§ Task details
Only one span belongs in the answer: the line holding "聆聽 Manchine、觀看音樂影片、閱讀小傳、查看巡演日期等！" through the last line of the entries below, retyped exactly.
-- Dataset excerpts follows --
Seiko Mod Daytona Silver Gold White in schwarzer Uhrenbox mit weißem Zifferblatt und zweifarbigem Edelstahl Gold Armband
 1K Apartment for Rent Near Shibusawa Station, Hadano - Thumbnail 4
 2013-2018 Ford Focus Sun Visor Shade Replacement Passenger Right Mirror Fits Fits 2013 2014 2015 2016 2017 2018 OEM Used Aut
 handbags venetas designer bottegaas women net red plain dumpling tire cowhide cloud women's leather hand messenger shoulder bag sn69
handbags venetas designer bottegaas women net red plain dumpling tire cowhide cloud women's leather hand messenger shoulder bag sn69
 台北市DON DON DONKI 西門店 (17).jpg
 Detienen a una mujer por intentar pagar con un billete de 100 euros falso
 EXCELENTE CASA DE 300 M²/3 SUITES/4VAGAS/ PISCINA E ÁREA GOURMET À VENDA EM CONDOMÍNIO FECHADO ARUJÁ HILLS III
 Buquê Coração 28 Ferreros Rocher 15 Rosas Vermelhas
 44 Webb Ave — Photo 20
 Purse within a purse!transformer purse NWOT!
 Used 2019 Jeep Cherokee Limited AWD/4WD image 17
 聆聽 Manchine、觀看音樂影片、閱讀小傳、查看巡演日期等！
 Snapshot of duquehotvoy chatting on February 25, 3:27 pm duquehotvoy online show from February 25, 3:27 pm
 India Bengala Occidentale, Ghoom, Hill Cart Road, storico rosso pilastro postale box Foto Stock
-- Dataset excerpts concluded --
§ Output for this task
 聆聽 Manchine、觀看音樂影片、閱讀小傳、查看巡演日期等！
 Snapshot of duquehotvoy chatting on February 25, 3:27 pm duquehotvoy online show from February 25, 3:27 pm
 India Bengala Occidentale, Ghoom, Hill Cart Road, storico rosso pilastro postale box Foto Stock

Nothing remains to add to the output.